The invention relates to a device for medium separation, in particular for separation of gases, such as air, from a fluid or liquid, such as oil, by a separating device, which is accommodated in a housing and which, when the medium is received via an inlet point of the housing, sets this medium in rotation for the purpose of realizing the separation. The housing has at least one outlet point for gas and at least one outlet point for fluid. The outlet points are separated from one another. A filter device is arranged in the housing for the separation of particulate contamination.

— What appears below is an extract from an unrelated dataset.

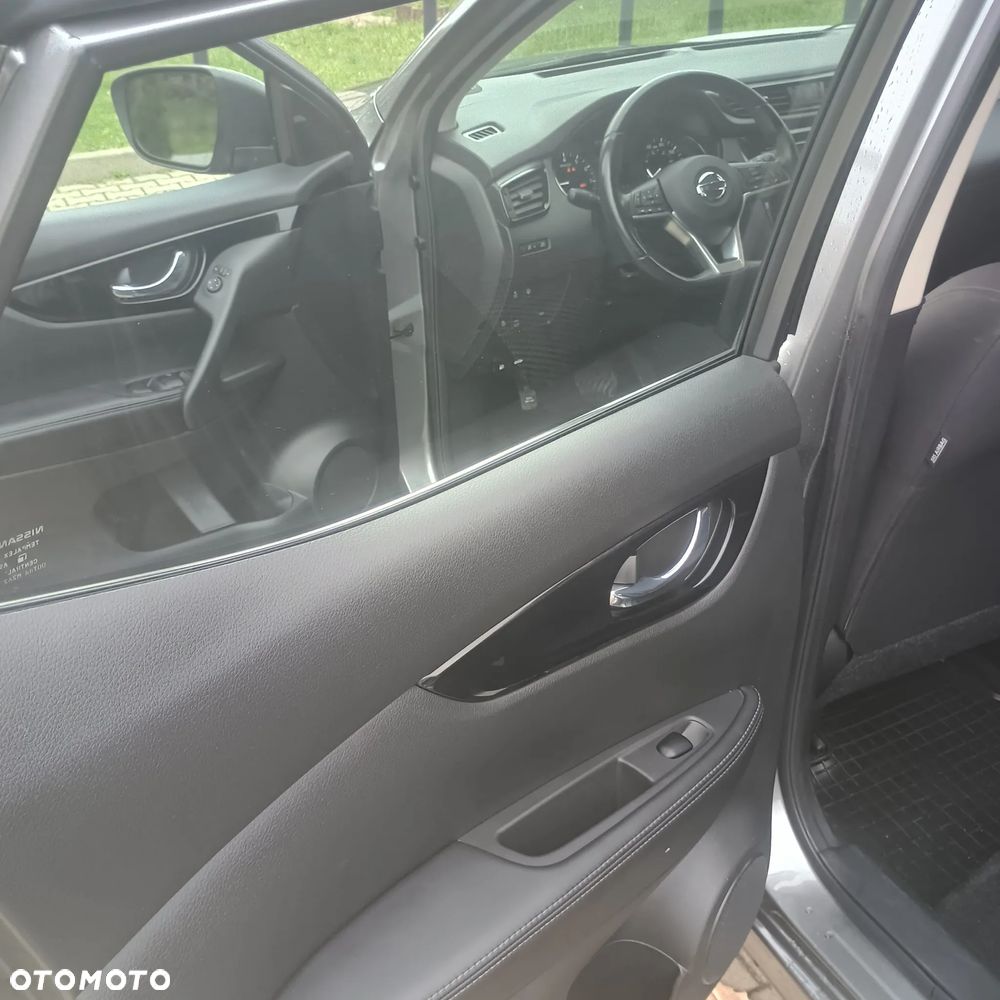 Nissan Qashqai - 11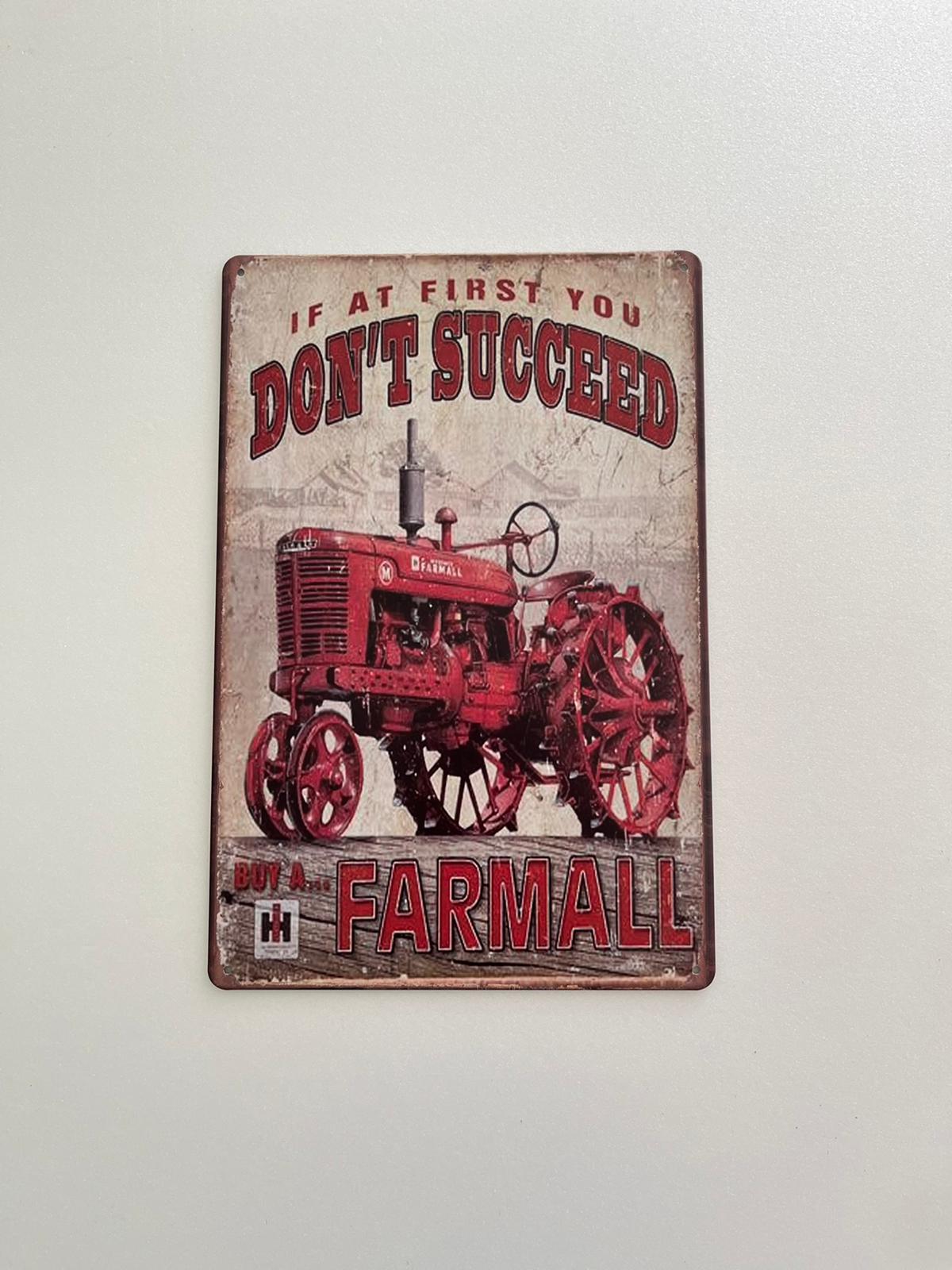 PLAQUE MÉTAL FARMALL 30X20 CM - PLAQUE DECORATIVE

BACKGROUND OF THE INVENTION

Such separating devices advantageously permit releasing media, such as fluids, which have a high foam content, for example in the form of foaming hydraulic oil, from the gas content in the form of air. These devices have applications in particular in hydraulic circuits, in which high quantities of air make it into the fluid circuit, as frequently occurs in the case of transmission components of wind turbines for example. Due to the separation of particulate contamination, which is realized in addition to the air separation, the use of such devices in hydraulic circuits not only has an impact on the damaging effects of cavitation, but also reduces the risk of operational interruptions due to wear.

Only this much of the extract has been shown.